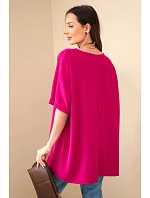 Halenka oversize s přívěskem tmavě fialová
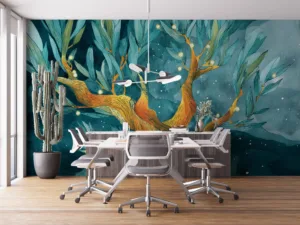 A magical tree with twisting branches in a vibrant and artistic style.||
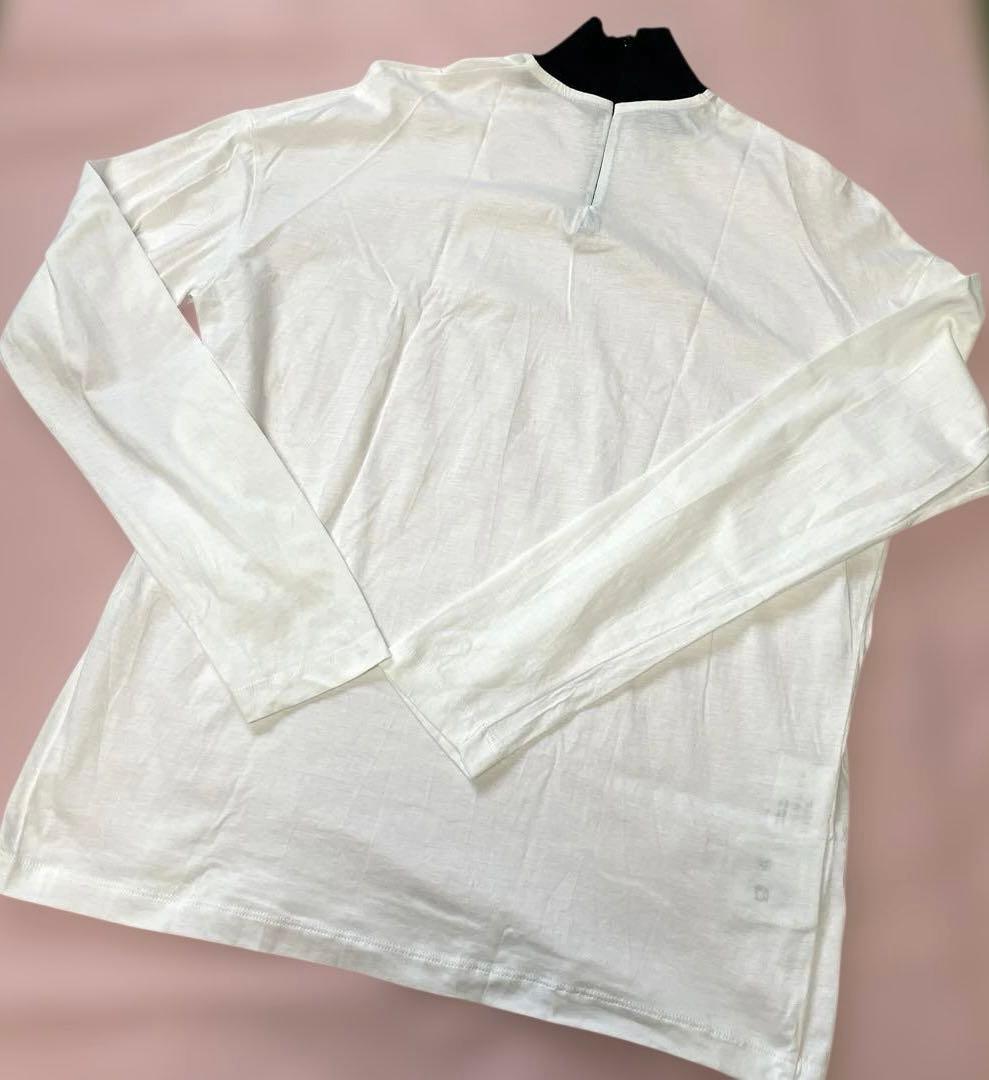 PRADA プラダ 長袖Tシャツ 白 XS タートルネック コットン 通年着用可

...

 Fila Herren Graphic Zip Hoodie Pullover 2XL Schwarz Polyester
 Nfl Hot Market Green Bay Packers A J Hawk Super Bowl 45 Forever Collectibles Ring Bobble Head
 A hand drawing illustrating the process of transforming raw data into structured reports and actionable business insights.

● PROMPT
Return, word for word, the lines of the data above from the line with "Nfl Hot Market" through the line with "A hand drawing", inclusive.

● RESPONSE TO THIS TASK
 Nfl Hot Market Green Bay Packers A J Hawk Super Bowl 45 Forever Collectibles Ring Bobble Head
 A hand drawing illustrating the process of transforming raw data into structured reports and actionable business insights.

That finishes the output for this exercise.